> **Required work**
A verbatim copy of all the data is required; the pictures should not appear in it.

> **Recorded information**
══════════
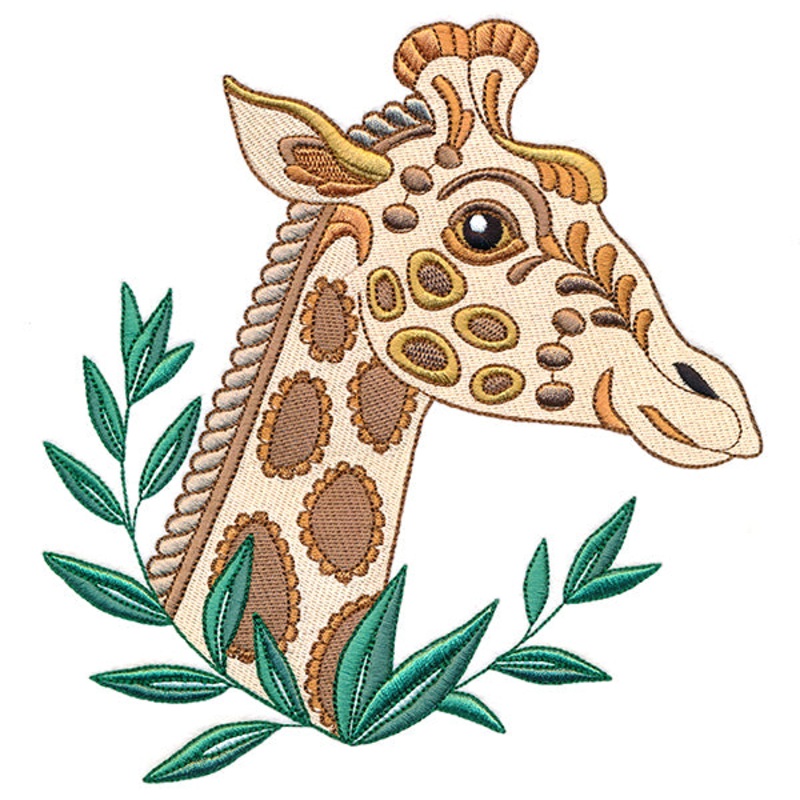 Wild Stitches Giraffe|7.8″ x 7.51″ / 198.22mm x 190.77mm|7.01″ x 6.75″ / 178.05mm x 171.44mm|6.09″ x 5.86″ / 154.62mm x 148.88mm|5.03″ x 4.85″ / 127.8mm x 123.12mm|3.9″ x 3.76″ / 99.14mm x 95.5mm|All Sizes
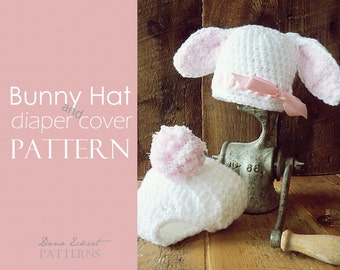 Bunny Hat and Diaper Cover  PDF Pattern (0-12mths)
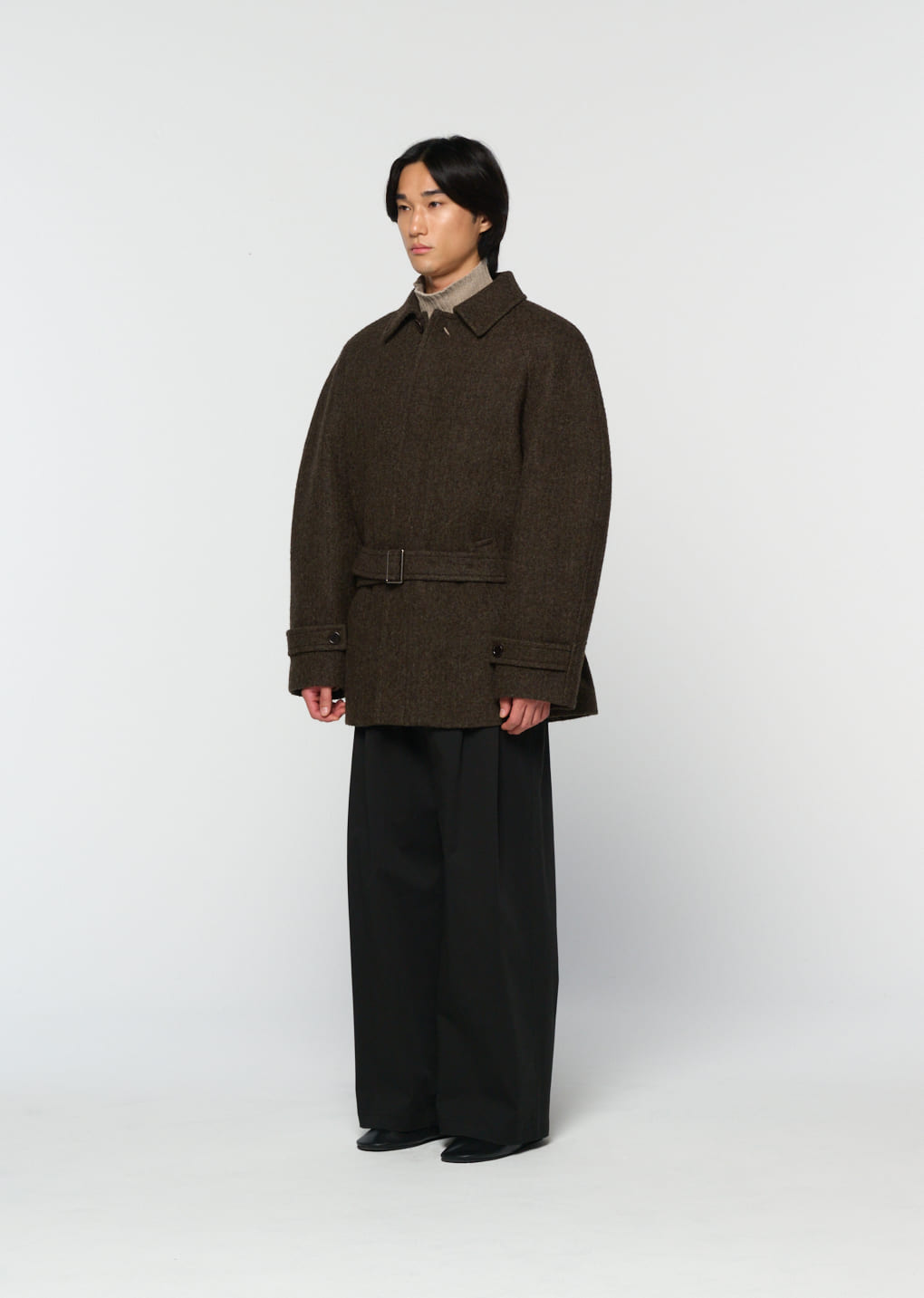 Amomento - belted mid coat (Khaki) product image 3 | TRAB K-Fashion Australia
══════════
> **Completed task**
 Wild Stitches Giraffe|7.8″ x 7.51″ / 198.22mm x 190.77mm|7.01″ x 6.75″ / 178.05mm x 171.44mm|6.09″ x 5.86″ / 154.62mm x 148.88mm|5.03″ x 4.85″ / 127.8mm x 123.12mm|3.9″ x 3.76″ / 99.14mm x 95.5mm|All Sizes
 Bunny Hat and Diaper Cover  PDF Pattern (0-12mths)
 Amomento - belted mid coat (Khaki) product image 3 | TRAB K-Fashion Australia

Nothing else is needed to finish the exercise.